Записи Бенуа обрываются на 1918 г., еще не только ягодок, но и цветочков петербуржцы пока не понюхали, хотя Замирайло, с его «челом Виктора Гюго» уже выглядел в 1918 г. поплоше, чем в 17-м, а уж к началу 1923 г. он, по свидетельству Чуковского, — вообще обтрепанный старичок и сидит дома в пальто, дрожит от страха и холода.
Есть еще одна запись в дневнике Чуковского о визите к тому же Замирайло (30 января 1923 г.), из которой мы и узнаем, что Александре Щекотихиной, в сестру которой влюблен Замирайло, только что удалось сбежать от суровой зимы, от пшенного супа с селедкой и устрашающих подвалов ЧК, где к тому времени уже прикончили Гумилева, — сбежать за море. Чуковский спрашивает у «старика» Замирайло о судьбе художницы Александры Щекотихиной и слышит умиленное:
«Да, ей Билибин присылал такие теплые письма и телеграммы, что в Питере становилась оттепель: все начинало таять. Вот она вчера уехала, и сегодня впервые — мороз».

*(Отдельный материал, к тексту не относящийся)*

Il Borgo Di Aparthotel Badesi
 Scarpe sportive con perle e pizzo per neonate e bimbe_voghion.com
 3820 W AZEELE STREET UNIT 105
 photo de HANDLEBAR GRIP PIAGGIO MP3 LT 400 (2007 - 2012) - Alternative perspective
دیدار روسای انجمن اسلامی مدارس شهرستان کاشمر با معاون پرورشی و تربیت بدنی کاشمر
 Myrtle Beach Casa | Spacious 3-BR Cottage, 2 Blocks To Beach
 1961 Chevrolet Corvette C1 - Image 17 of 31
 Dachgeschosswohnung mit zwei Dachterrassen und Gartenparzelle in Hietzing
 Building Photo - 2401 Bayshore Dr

Значит, только накануне и уехала Александра Щекатихина с сыночком, то есть 29 января 1923 г. Взяла командировку от Наркомпроса — для изучения производства Берлинской фарфоровой мануфактуры, но в Берлине не задержалась — уже в феврале прибыла в Каир к Билибину. Командировку, вероятно, подписал Луначарский, но выпускал из счастливого Ленинграда, скорей всего, не Луначарский, а другой департамент, рангом повыше культурного. Мог бы и не выпустить, вот Блока, к примеру, не выпустили, несмотря на мольбы того же Луначарского: решено было, чтоб помирал гений на родине…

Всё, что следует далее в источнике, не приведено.